A program like Lobster_data needs different system resources during its work. CPU time, free memory, free hard disk space, network connections, file handles, parallel programs (threads), etc. Depending on the operating system, the hardware, and the system configuration, there is always a limit to these resources. All programs that run concurrently compete for those resources. Depending on the type of resource, there may be temporary bottlenecks.

When a resource is exhausted, a critical system state occurs, in which the expected operation of the program is no longer possible. This situation must be prevented at all costs because if it is no longer possible to work with Lobster_data, you will also no longer be able to deal with errors effectively. This will then either block or crash the program.

Particular attention should be paid to three specific resources.

  • The memory that has been allocated to the Java Virtual Machine (JVM).

  • The hard disk space, especially the partition in which the Lobster Integration Server was installed, plus the system partition.

  • File handles are needed to read or write files and to establish network connections. A lack of file handles can lead to a deadlock.

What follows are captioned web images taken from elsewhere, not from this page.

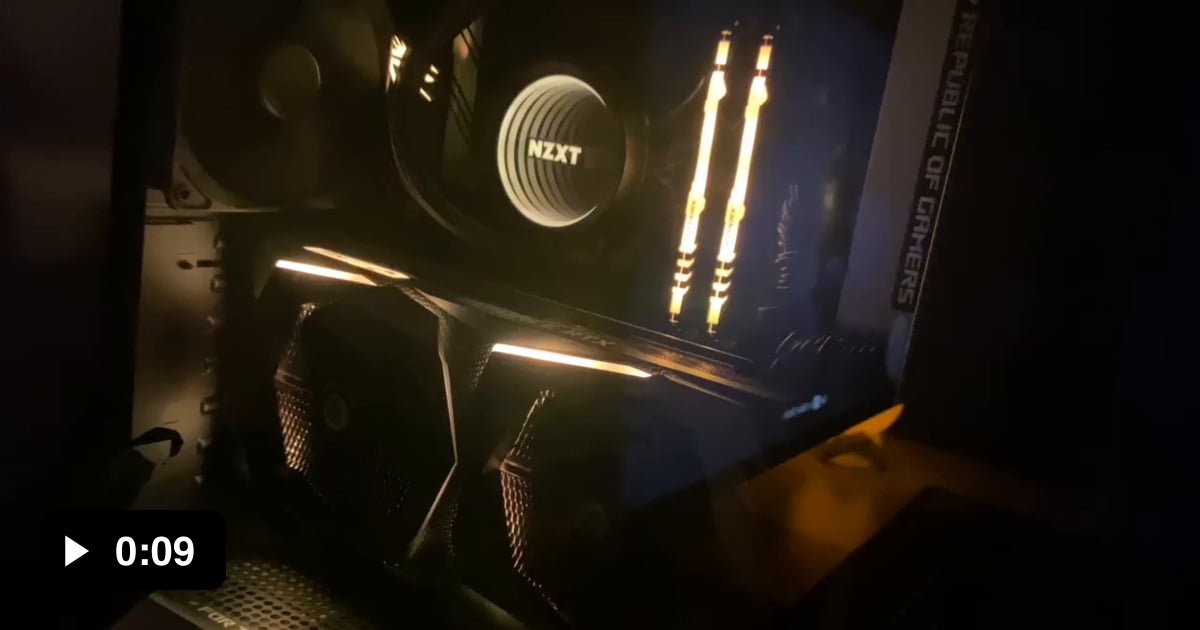 Just finished building my first PC ever, and started playing this, hope ...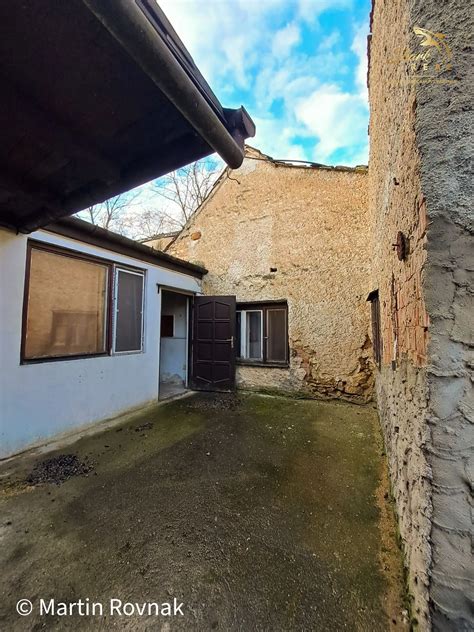 Pohľad na rodinný dom v tichej ulici Devínskej Novej Vsi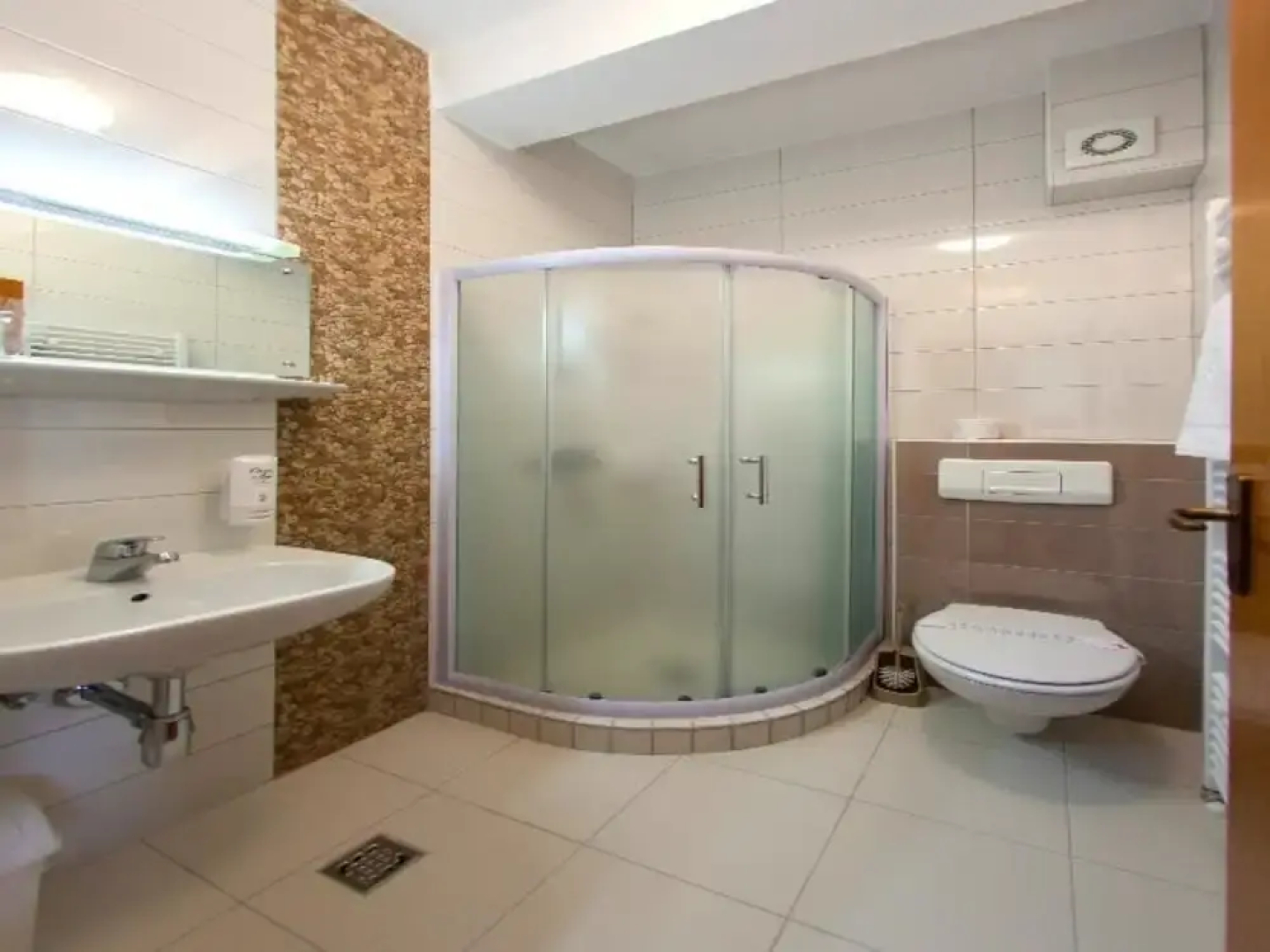 Hotel Almira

If there is no more free main memory or hard disk space left, there is a risk of losing already received data. In Lobster_data, a large number of individual measures ensure that such data loss is virtually eliminated as long as the intended program execution is possible. Nevertheless, when an important system resource is exhausted, a low probability of data loss cannot be ruled out. Therefore, a full disk or an OutOfMemoryException must be avoided at all costs.

To monitor the disk space of selected partitions from a profile, you can use the function disk-free( [path a], [modus b,[unit c]]).

Deadlocks


Now to the deadlock problem, which occurs only rarely and only in heavily loaded systems. A hidden cause of an almost complete stop of processing may be the lack of free file handles. Each network connection requires a file handle. With strong network access, the file handles can, therefore, become scarce. To handle a request from the network, file handles are also needed, for example, to read a configuration file or to write temporary data to a temporary file. These operations will then wait for file handles to become available again. This can lead to an almost complete stop of the processing, which will only be resolved after a long time when the timeouts are reached. The longer the timeouts are set, the longer it will take. If the traffic from the network does not decrease during this time, the processing will immediately be blocked again.

Unfortunately, we cannot provide a general method for the automatic monitoring of file handles for the large number of operating systems we support.

The DMZ server is particularly vulnerable, because it may need to establish an internal connection for each external access. It would, therefore, be a completely wrong decision for a heavily loaded system to want to install the DMZ server on a workstation operating system.

Disruptions in the Network

Disruptions in the network limit the availability. Although the risk of data loss is low here, this, unfortunately, has a psychological effect. The processing goes back to almost zero, but at the same time the CPU load goes down as well and the memory usage shows no abnormalities. In this situation, most system administrators become restless. The obvious idea is to restart the entire Lobster Integration Server. However, the server will not shut down because the started processing has not terminated yet. The processing only ends after a timeout. If in this situation the processing is terminated, i.e. the running program is forced to abort, data loss is possible. Recommendation: In this situation, use the procedure described in section Fast Shutdown by File force_stop. This reduces the risk of data loss.